5. Good Old Fashioned Theft

The largest data breach in 2012 - a total of 150m customer records, as noted above - didn’t happen because of malicious links or malware; it happened because remote contractors simply stole the records and sold them to the highest bidder. In a world where work is connected and collaborative, this problem is becoming increasingly more common. You might need to send important data to partners or contractors who may not share your security protocols, or have as rigorous employee background checks, which opens up your data to criminal theft, as was the case with D&B Marketing and its Shanghai based partner.

Basic Precautions

Despite the proliferation of cyberattacks and the increasing-intelligence of cybercriminals, there are basic precautions you can take to avoid falling vicitim to online attacks. For starters, never click on stray links, no matter how interesting the content seems to be. If it seems out of character or doesn't seem to fit with the site's content, it probably doesn't.

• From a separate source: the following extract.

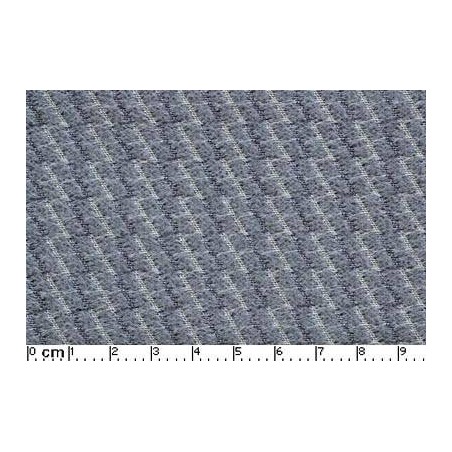 Genuine diagonal structure fabric for Peugeot 205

Second, consider taking extra precautions for sensitive data- keeping your company's important documents of record in a virtual data room can help protect them in the case of a security breach. If an employee unknowingly clicks on a stray link and compromises their computer and passwords, having critical documents stored online, in a data room, instead of on their computer, is invaluable. Additionally, some virtual data rooms, like SecureDocs, come with two-factor authentication standard, meaning that in the case that passwords are compromised, information in the data room will still remain inaccessible to cybercriminals.